> [Your assignment] Span requested from the data below: the line with "PowerA Advantage Wired" through the line with "Kyoto-Lion Ukiyo No", both included. Give only these lines again, exactly, and leave every picture out.

[Crawled caption data]
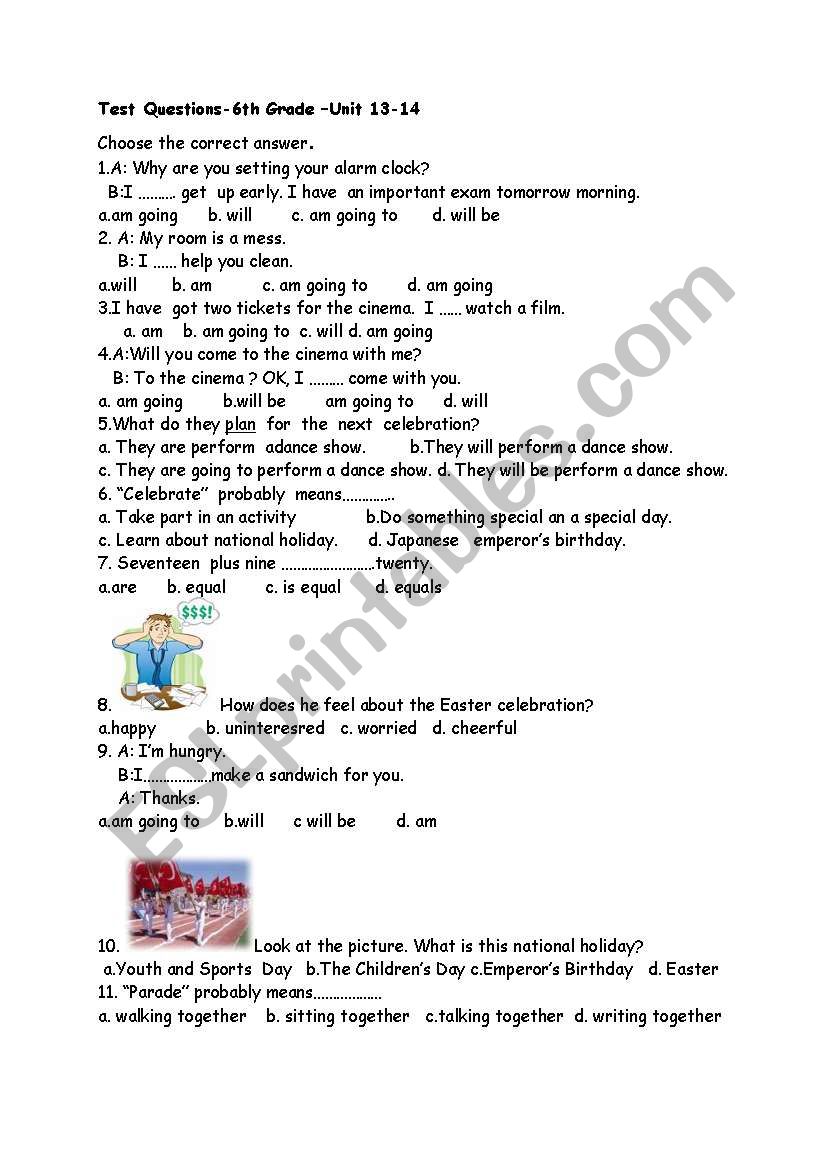 SBS Test For 6th Grade Spot on Unit(13-14)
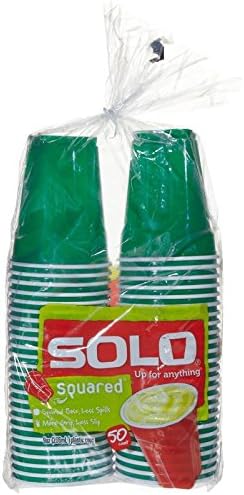 Solo Plastic Party Cups Red 9 oz 50 ct
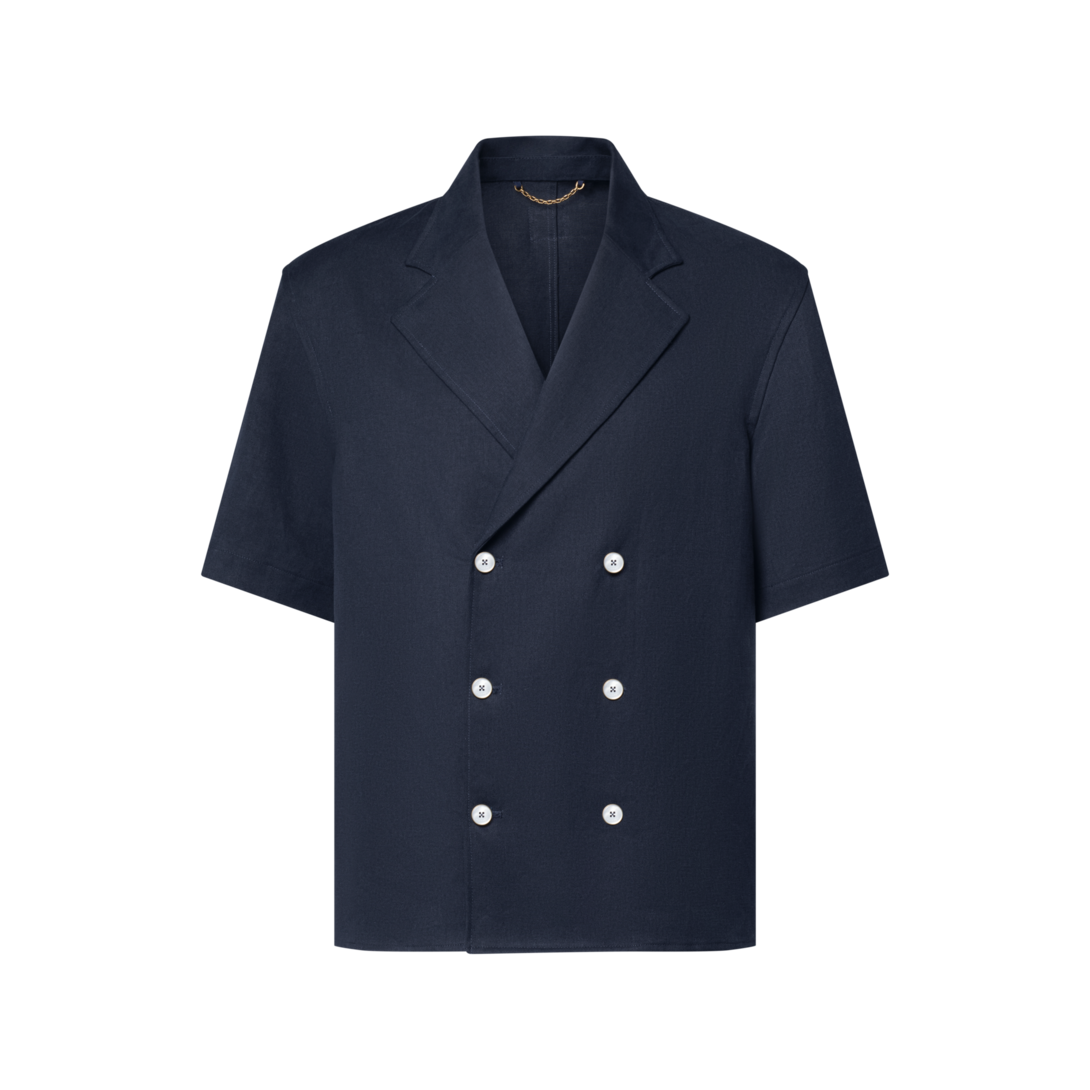 Vuitton Louis スーツ shirt LOUIS | Ready-to-Wear - Men - Shirt Short-Sleeved Breasted Double スーツ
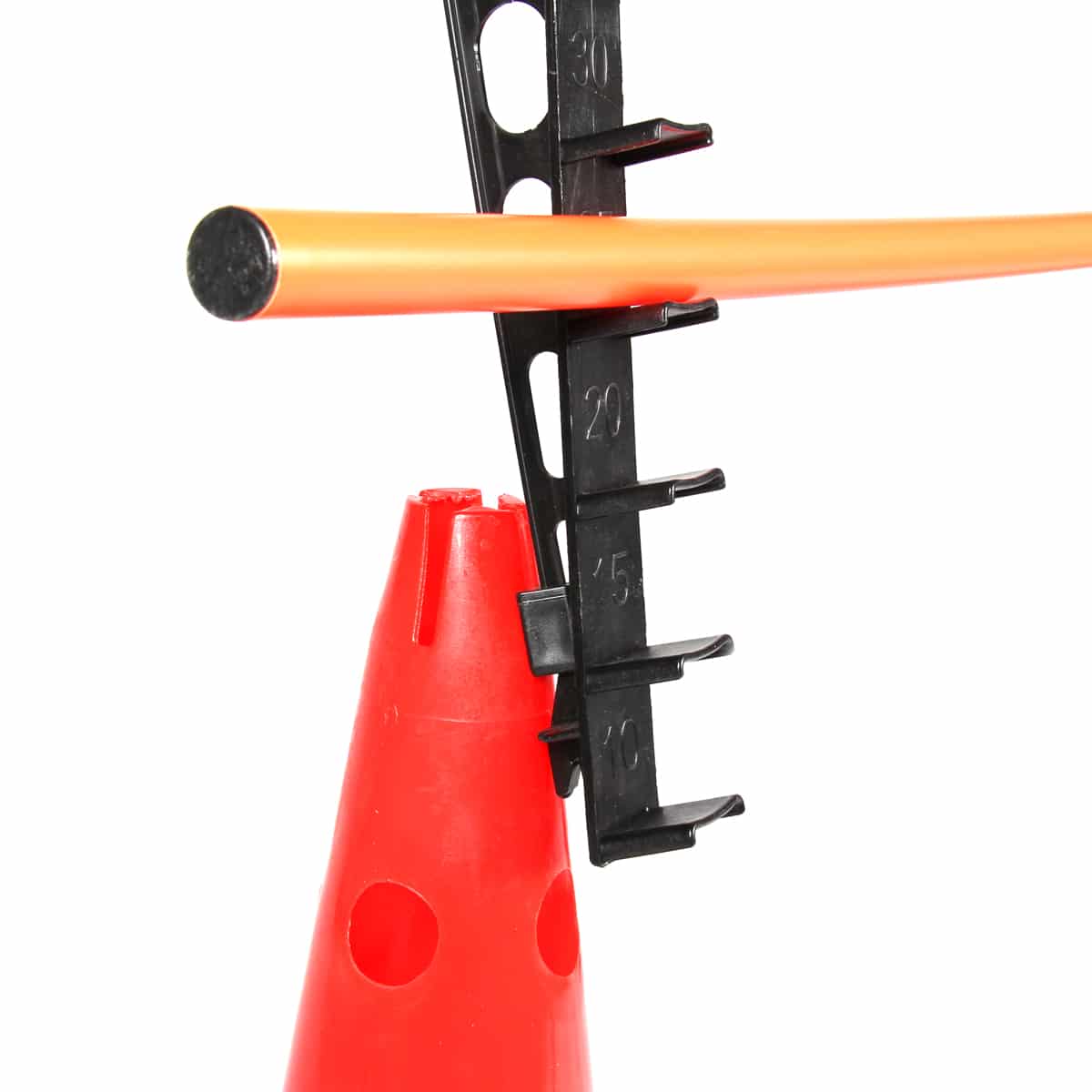 Multifunctional, adjustable PVC hedge with 2 perforated cones 2 1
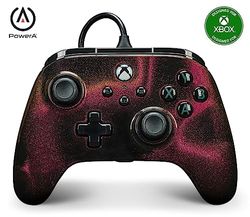 PowerA Advantage Wired Controller for Xbox Series X|S - Sparkle, Gamepad, Wired Video Game Controller, Gaming Controller, USB-C, works with Xbox One and Windows 10/11, Officially Licensed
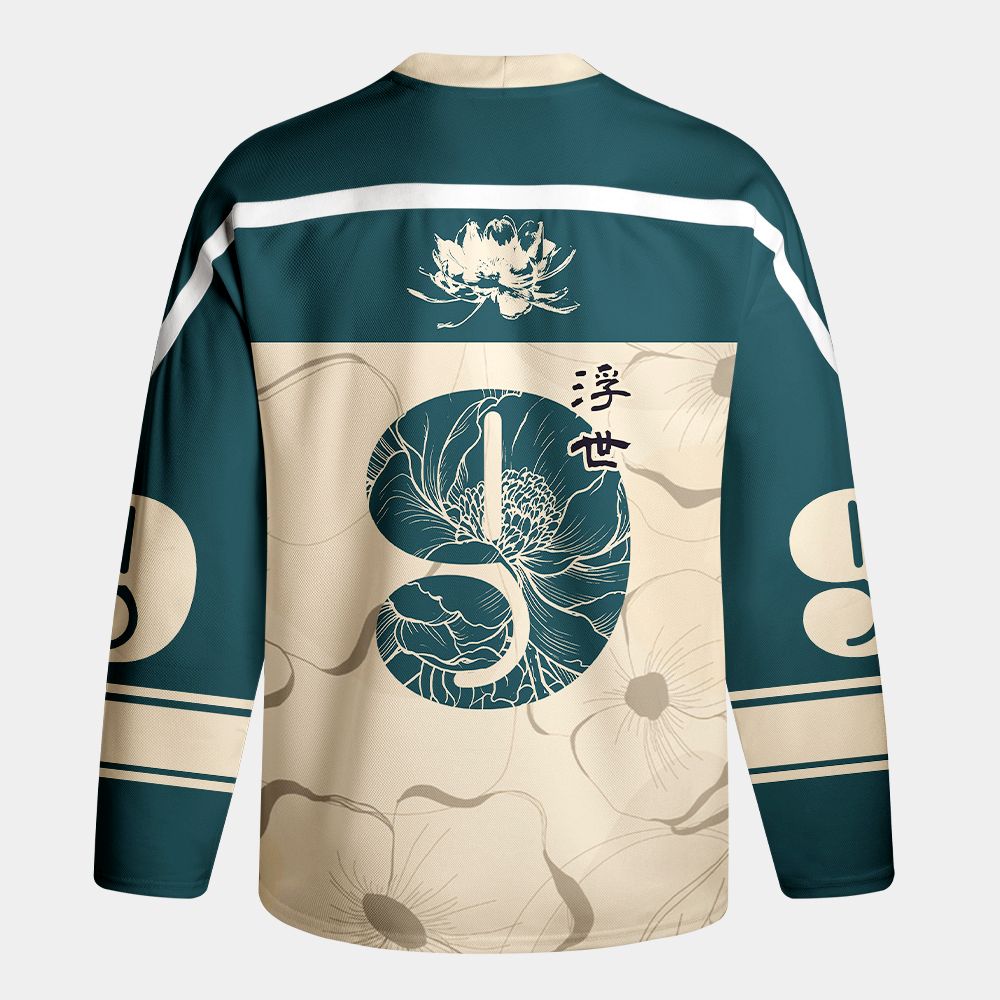 Kyoto-Lion Ukiyo No Hana Long-Sleeve Hockey Jersey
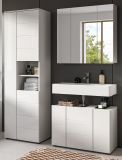 Badezimmer Hochschrank Larik in wei Hochglanz Badschrank 60 x 190 cm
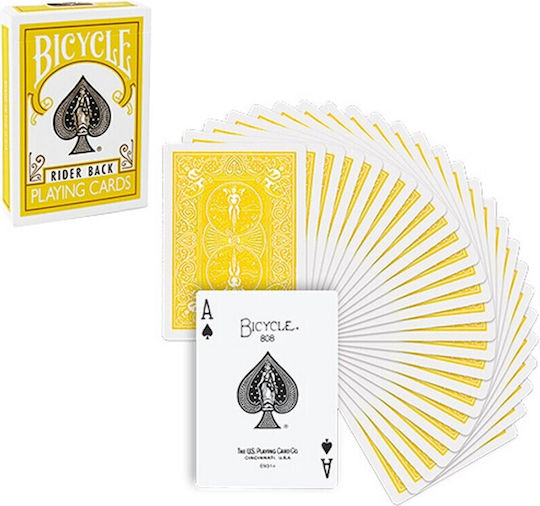Bicycle Playing Cards Laminated for Poker Yellow
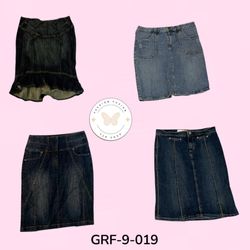 Collection de jupes en denim longues Y2K | Mode vi..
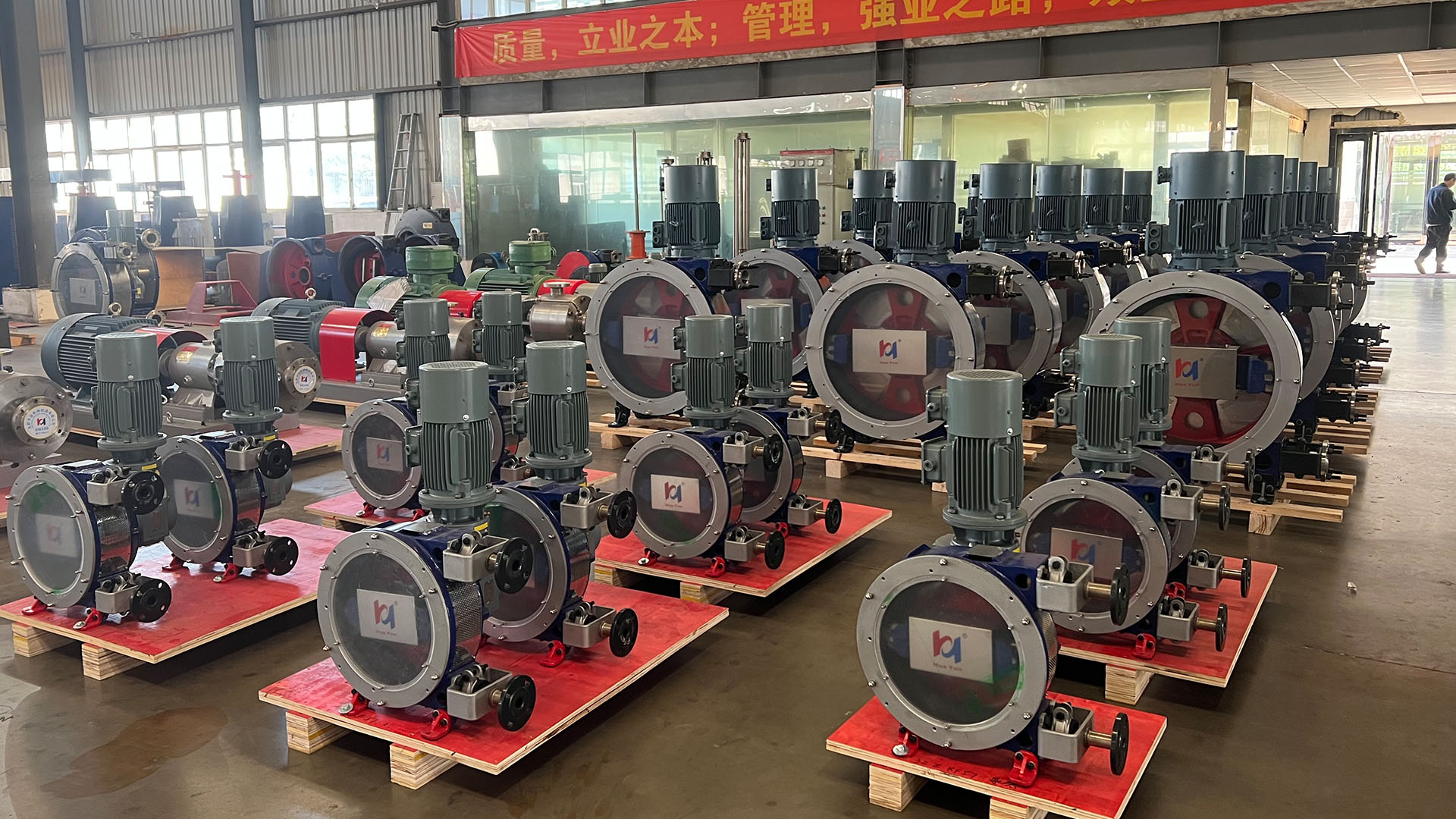 Our company produces hose pumps for a battery company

> [Solved exercise]
 PowerA Advantage Wired Controller for Xbox Series X|S - Sparkle, Gamepad, Wired Video Game Controller, Gaming Controller, USB-C, works with Xbox One and Windows 10/11, Officially Licensed
 Kyoto-Lion Ukiyo No Hana Long-Sleeve Hockey Jersey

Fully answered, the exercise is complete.